• **ABOUT THIS EXERCISE**
How do the lines read from the one holding "2023 Maserati GranTurismo Trofeo test" through the last line of the listing? Set them down exactly, pictures omitted.
•••••
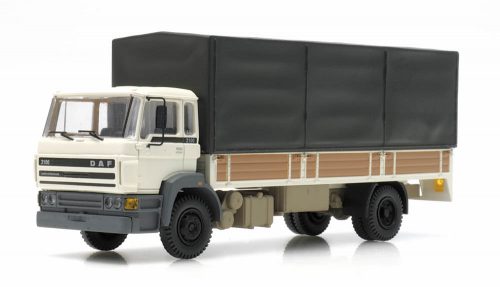 487.053.02 DAF Kipp-Fahrerhaus Pritschen Kab B wei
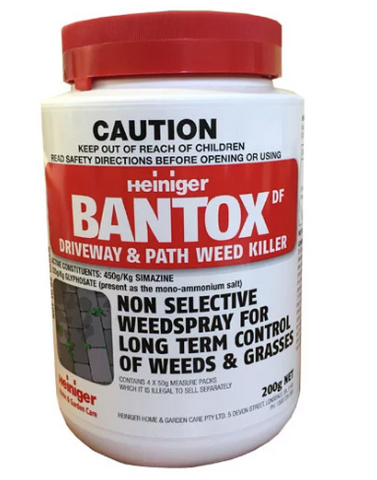 BANTOX DF 200G - PATH & DRIVEWAY WEED KILLER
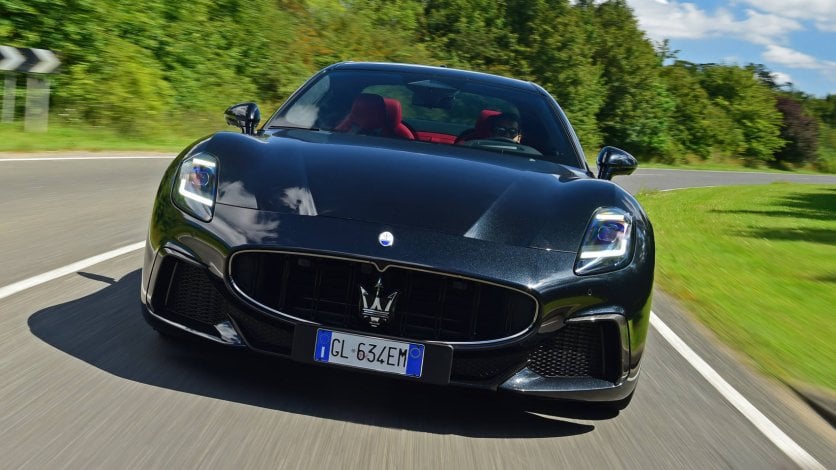 2023 Maserati GranTurismo Trofeo test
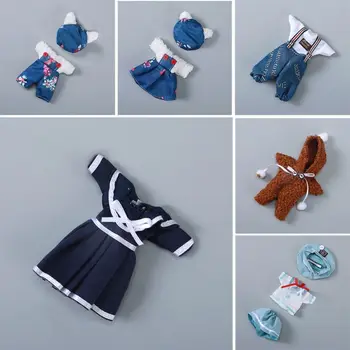 Модная Кукольная Одежда Новая Ткань Для Шубы Красивый Кукольный Наряд 10 Стилей Одежды Аксессуары Obitsu 11 Ob11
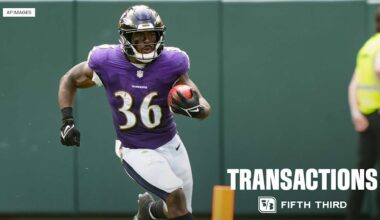 Tampa Bay Buccaneers Add WR Jaden Smith, RB Owen Wright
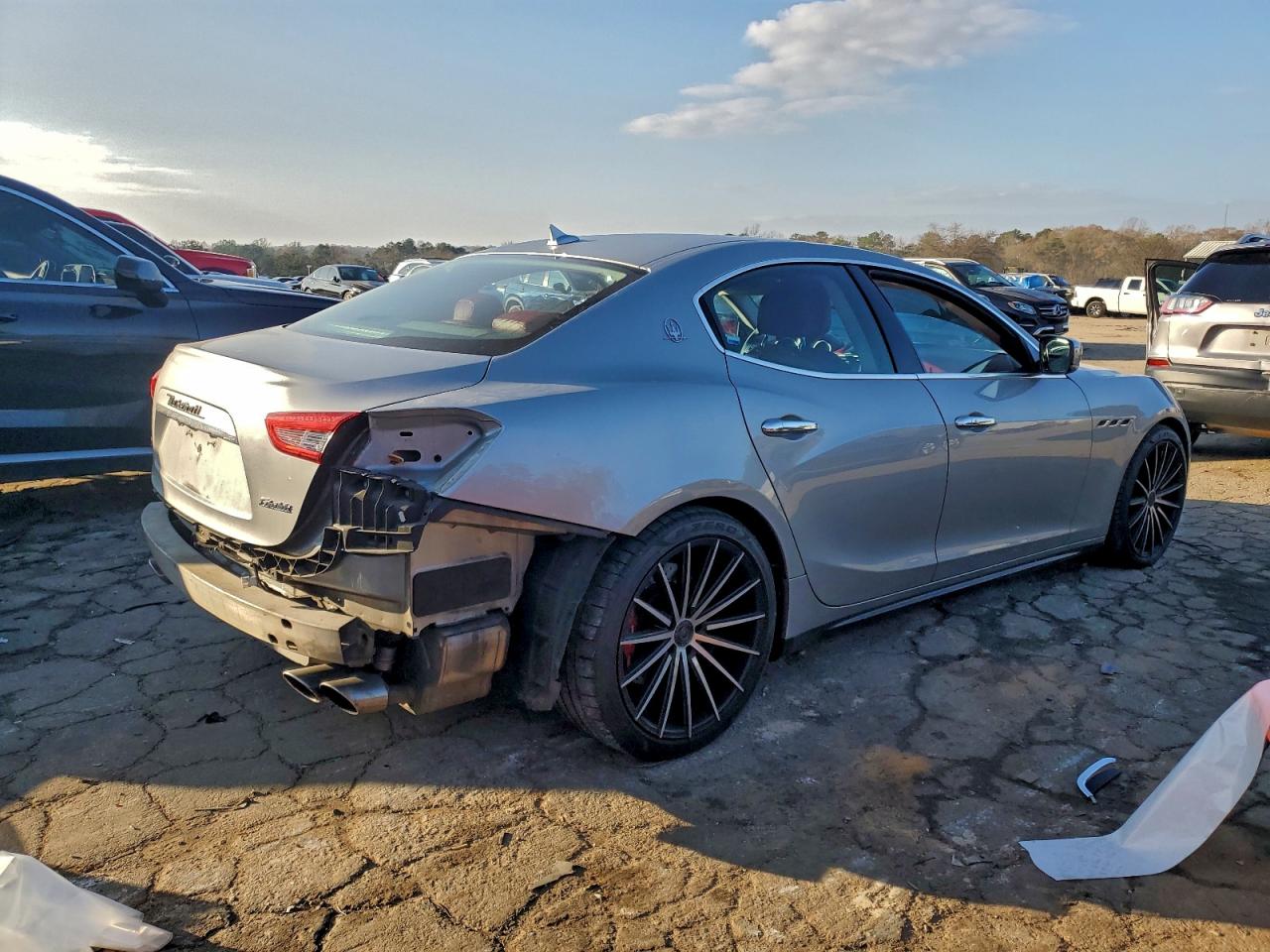 2015 MASERATI GHIBLI S photo 3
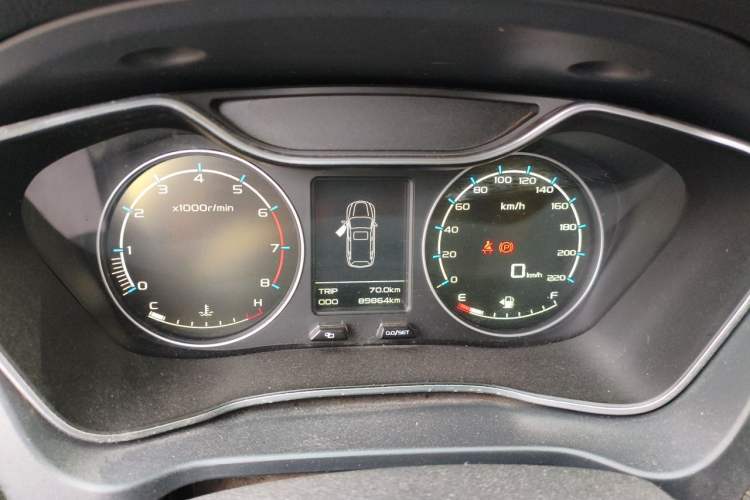 Used Geely Auto Vision X6 2016 1.8L Manual Luxury Model Instrument Cluster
•••••
• **REPLY TO THE EXERCISE**
 2023 Maserati GranTurismo Trofeo test
 Модная Кукольная Одежда Новая Ткань Для Шубы Красивый Кукольный Наряд 10 Стилей Одежды Аксессуары Obitsu 11 Ob11
 Tampa Bay Buccaneers Add WR Jaden Smith, RB Owen Wright
 2015 MASERATI GHIBLI S photo 3
 Used Geely Auto Vision X6 2016 1.8L Manual Luxury Model Instrument Cluster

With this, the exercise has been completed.